The galley punts are powerful seaboats; when close reefed can stand a great deal of heavy weather, and are the marvel of the vessels in distress which they succour.

All the Deal boats, the lifeboats of course excepted, are clinker built and of yellow colour, the natural elm being only varnished. And it is fine to see on a stormy day the splendid way in which they are handled, visible one moment on the crest and the next hidden in the trough of a wave, or launched or beached on the open shingle in some towering sea.

I have been breathless with anxiety as I have watched the launch of these boats into a heavy sea with a long dreadful recoil, but the landing is still more dangerous.

If you wait long enough when launching, you can get a smooth, or a comparatively smooth, sea. I have sometimes waited ten minutes and then the command is given ‘Let her go,’ and the boat is hurled into the racing curl of some green sea.

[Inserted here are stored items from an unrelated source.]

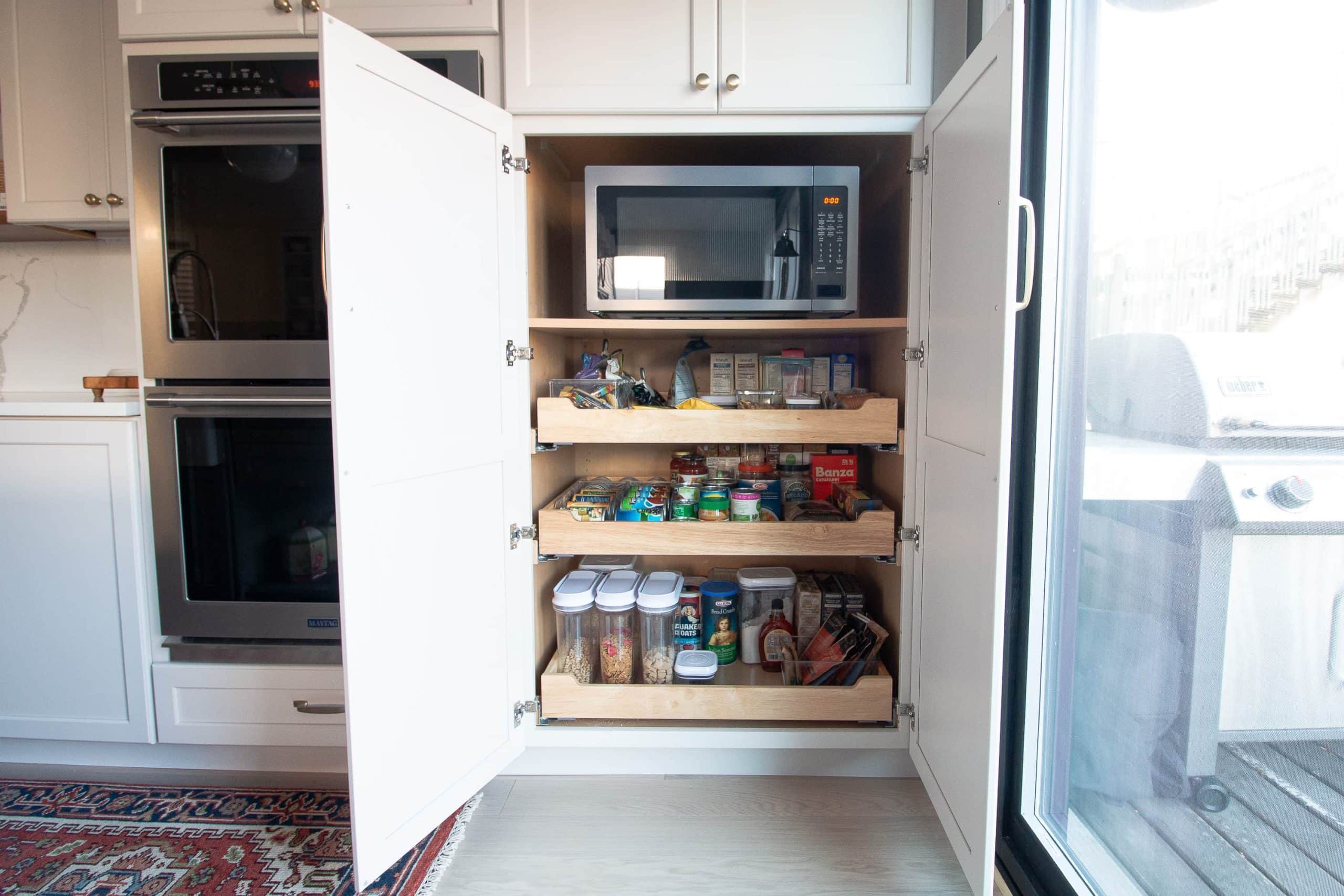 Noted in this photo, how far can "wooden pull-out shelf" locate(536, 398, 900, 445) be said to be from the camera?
143 centimetres

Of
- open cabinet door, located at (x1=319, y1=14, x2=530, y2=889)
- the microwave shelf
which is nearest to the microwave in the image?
open cabinet door, located at (x1=319, y1=14, x2=530, y2=889)

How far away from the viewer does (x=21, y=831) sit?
138cm

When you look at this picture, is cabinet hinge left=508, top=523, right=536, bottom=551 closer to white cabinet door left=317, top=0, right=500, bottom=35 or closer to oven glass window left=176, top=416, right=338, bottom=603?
oven glass window left=176, top=416, right=338, bottom=603

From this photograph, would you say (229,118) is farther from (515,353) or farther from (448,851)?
(448,851)

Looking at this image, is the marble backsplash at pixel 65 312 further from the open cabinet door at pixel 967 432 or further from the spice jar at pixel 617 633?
the open cabinet door at pixel 967 432

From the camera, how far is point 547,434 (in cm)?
145

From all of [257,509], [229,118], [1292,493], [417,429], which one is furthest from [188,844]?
[1292,493]

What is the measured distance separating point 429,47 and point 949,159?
108 centimetres

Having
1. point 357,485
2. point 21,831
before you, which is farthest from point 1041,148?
point 21,831

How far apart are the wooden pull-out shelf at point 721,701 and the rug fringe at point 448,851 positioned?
261 millimetres

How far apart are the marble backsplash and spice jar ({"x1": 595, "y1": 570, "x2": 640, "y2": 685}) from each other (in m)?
1.59

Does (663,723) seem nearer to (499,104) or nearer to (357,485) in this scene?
(357,485)

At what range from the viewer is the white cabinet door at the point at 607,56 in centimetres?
135

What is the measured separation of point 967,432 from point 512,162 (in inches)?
41.7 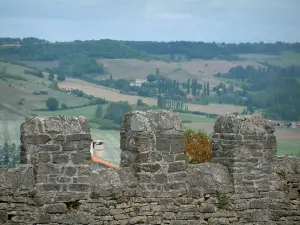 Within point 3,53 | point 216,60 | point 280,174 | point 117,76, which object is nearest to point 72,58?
point 117,76

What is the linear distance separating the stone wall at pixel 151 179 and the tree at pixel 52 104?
4856cm

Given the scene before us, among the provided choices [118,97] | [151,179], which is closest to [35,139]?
[151,179]

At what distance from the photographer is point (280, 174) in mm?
14570

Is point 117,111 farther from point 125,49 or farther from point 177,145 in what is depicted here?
point 177,145

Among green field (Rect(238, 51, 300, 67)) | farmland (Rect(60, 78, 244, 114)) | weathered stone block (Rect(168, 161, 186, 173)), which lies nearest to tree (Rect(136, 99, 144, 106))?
farmland (Rect(60, 78, 244, 114))

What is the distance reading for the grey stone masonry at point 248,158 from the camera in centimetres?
1391

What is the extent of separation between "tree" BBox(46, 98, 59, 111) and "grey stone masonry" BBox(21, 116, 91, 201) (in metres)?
49.7

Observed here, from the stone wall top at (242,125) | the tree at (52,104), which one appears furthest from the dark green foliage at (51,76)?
the stone wall top at (242,125)

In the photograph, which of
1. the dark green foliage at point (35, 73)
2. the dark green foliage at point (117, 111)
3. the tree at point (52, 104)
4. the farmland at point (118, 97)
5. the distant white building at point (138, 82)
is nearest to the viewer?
the tree at point (52, 104)

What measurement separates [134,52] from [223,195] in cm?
9678

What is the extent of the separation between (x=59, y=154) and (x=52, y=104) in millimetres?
51686

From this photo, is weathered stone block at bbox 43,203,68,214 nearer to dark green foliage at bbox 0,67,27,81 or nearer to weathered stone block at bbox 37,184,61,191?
weathered stone block at bbox 37,184,61,191

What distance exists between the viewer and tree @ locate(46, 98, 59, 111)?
6238 cm

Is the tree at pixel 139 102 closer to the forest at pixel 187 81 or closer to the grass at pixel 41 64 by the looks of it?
the forest at pixel 187 81
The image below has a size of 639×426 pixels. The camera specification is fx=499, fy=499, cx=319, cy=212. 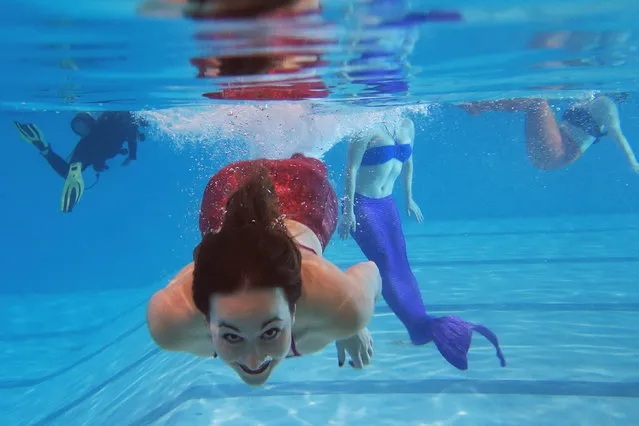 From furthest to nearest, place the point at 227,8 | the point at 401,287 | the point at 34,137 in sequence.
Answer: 1. the point at 34,137
2. the point at 401,287
3. the point at 227,8

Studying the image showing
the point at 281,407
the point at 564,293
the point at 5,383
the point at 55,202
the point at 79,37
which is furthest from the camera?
the point at 55,202

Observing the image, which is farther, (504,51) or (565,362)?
(504,51)

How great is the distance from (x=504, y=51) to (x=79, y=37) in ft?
19.3

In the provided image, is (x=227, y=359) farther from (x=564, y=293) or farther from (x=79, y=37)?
(x=564, y=293)

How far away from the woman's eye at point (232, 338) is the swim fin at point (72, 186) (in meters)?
8.18

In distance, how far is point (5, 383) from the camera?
862cm

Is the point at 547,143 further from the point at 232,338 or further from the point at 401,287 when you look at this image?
the point at 232,338

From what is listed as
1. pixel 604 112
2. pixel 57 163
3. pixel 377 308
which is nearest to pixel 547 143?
pixel 604 112

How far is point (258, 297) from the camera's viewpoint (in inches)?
91.7

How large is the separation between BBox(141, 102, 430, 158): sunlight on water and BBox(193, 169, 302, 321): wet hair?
811cm

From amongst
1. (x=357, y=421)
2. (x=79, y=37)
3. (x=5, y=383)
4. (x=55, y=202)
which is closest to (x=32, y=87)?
(x=79, y=37)

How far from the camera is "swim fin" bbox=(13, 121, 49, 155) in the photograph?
9727mm

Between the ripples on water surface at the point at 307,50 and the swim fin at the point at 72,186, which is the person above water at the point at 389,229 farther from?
the swim fin at the point at 72,186

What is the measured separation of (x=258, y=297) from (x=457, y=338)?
4.52 m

Sometimes the sea is too heavy for landing, and the galley punts lie off skimming about for hours. Sometimes if the weather looks threatening it is best to come at once, and then, supposing a heavy easterly sea, you must clap on a press of sail to drive the boat. You get ready a bow painter and a stern rope, and the boat, like a bolt set free, flies to the land. Very probably she takes a ‘shooter,’ that is, gets her nose down and her stern and rudder high into the air, and, all hands sitting aft, she is carried along amidst the hiss and burst of the very crest of the galloping billow. Fortunate are they if this wave holds the boat till she is thrown high up the beach, broadside on, for at the last minute the helm must be put up or down, to get the boat to lie along the shore, but only at the very last minute otherwise danger for the crew! I have known a boat landing, to capsize and catch the men underneath, and I have been myself tolerably near the same danger.

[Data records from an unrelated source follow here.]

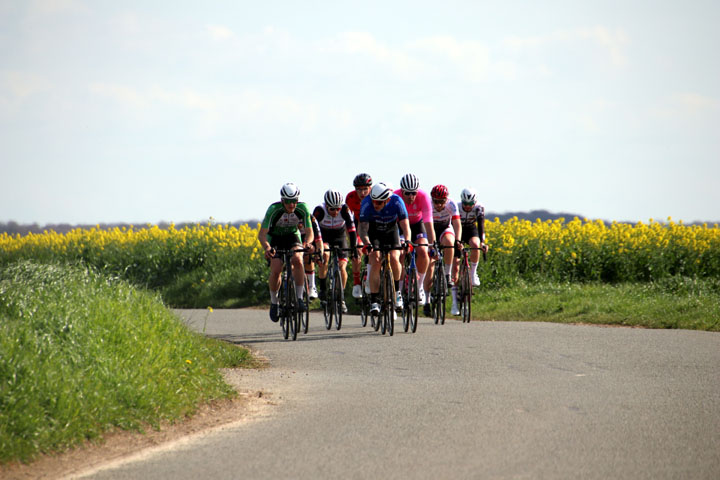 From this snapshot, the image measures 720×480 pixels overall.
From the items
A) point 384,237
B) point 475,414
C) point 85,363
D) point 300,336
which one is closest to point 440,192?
point 384,237

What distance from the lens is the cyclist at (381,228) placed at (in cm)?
1408

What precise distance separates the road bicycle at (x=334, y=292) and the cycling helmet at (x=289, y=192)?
1687 millimetres

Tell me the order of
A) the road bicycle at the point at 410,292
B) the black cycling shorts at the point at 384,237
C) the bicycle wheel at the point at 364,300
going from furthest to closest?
the bicycle wheel at the point at 364,300, the road bicycle at the point at 410,292, the black cycling shorts at the point at 384,237

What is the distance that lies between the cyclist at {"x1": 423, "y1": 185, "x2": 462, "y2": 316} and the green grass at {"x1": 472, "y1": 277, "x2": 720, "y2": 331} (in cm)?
223

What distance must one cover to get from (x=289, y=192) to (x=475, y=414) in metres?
6.59

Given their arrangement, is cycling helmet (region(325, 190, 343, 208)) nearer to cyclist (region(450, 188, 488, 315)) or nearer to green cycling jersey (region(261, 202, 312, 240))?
green cycling jersey (region(261, 202, 312, 240))

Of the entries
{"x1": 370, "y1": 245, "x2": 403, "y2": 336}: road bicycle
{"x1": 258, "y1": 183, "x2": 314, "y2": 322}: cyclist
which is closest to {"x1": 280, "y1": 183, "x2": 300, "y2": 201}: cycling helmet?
{"x1": 258, "y1": 183, "x2": 314, "y2": 322}: cyclist

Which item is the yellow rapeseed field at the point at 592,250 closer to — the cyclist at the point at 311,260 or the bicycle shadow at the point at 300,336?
the bicycle shadow at the point at 300,336

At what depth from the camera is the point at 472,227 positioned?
17219 mm

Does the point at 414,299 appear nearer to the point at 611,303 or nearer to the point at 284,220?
the point at 284,220

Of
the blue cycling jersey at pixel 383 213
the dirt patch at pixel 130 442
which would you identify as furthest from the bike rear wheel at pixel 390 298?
the dirt patch at pixel 130 442

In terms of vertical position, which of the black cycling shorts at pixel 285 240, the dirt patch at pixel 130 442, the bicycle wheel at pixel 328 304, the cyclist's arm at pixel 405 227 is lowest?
the dirt patch at pixel 130 442

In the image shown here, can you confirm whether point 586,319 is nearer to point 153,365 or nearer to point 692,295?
point 692,295

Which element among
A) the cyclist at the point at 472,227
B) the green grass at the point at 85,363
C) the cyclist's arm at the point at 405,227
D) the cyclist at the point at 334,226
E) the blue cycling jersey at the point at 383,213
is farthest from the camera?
the cyclist at the point at 472,227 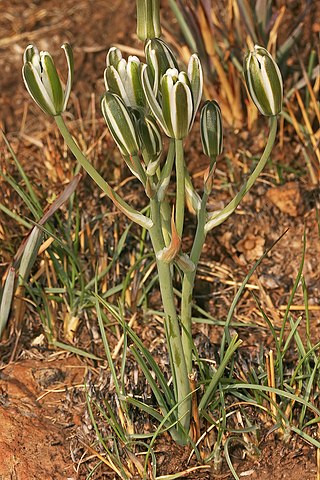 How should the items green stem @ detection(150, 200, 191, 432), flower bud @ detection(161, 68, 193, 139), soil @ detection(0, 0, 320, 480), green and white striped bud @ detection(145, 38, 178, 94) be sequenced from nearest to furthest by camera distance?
flower bud @ detection(161, 68, 193, 139) < green and white striped bud @ detection(145, 38, 178, 94) < green stem @ detection(150, 200, 191, 432) < soil @ detection(0, 0, 320, 480)

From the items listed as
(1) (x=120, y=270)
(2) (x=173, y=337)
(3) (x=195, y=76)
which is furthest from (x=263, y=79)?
(1) (x=120, y=270)

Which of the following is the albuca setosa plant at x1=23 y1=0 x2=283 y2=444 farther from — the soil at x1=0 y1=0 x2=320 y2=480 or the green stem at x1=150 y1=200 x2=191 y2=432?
the soil at x1=0 y1=0 x2=320 y2=480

Three or four men man these galley punts, and the hardships and perils they encounter in the earning of their livelihood are great. The men are sometimes, even in winter time, three days away in these open boats, sleeping on the bare boards or ballast bags and wrapped in a sail.

They cruise to the west to put one of their number on board some homeward-bound vessel as ‘North Sea pilot,’ or they cruise to the north and up the Thames as far as Gravesend, a distance of eighty miles, to get hold of some outward-bound vessel with a pilot on board, which pilot is willing to pay the boatmen a sovereign for putting him ashore from the Downs, and they are towed behind the vessel, probably a fast steamer, for eighty miles to Deal and the Downs. I have done this and it is a curious experience in summer, but to be towed in the teeth of a north-easterly snowstorm from Gravesend to the Downs is quite another thing; but it is the common experience of the Deal boatmen. And every day in winter they hover off Deal in their splendid galley punts, rightly called ‘knock-toes,’ for the poor fellows’ hands and feet are often semi-frozen, to take a pilot out of some outward-bound steamer going at the rate of ten or fifteen knots an hour. It means at the outside about 5_s_. per man; perhaps they have earned nothing for a week, and hungry but dauntless they are determined to get hold of that steamer, if men can do it. On the steamer comes full speed right end on at them. The Deal men shoot at her under press of canvas, haul down sail, and lay their boat in the same direction as the flying steamship, which often never slackens her speed the least bit. As all this must be done in an instant, or pale death stares them in the face, it is done with wonderful speed and skill. While a man with a boat-hook, to which a long ‘towing-line’ is attached, stands in the bow of the galley punt and hooks it into anything he can catch, perhaps the bight of a rope hung over the steamer’s side, the steersman has for his own and his comrades’ lives to steer his best and to keep his boat clear of the steamer’s sides, and of her deadly propeller revolving astern, while the bowman pays out his towing-line, and others see it is all clear, and another takes a turn of it round a thwart.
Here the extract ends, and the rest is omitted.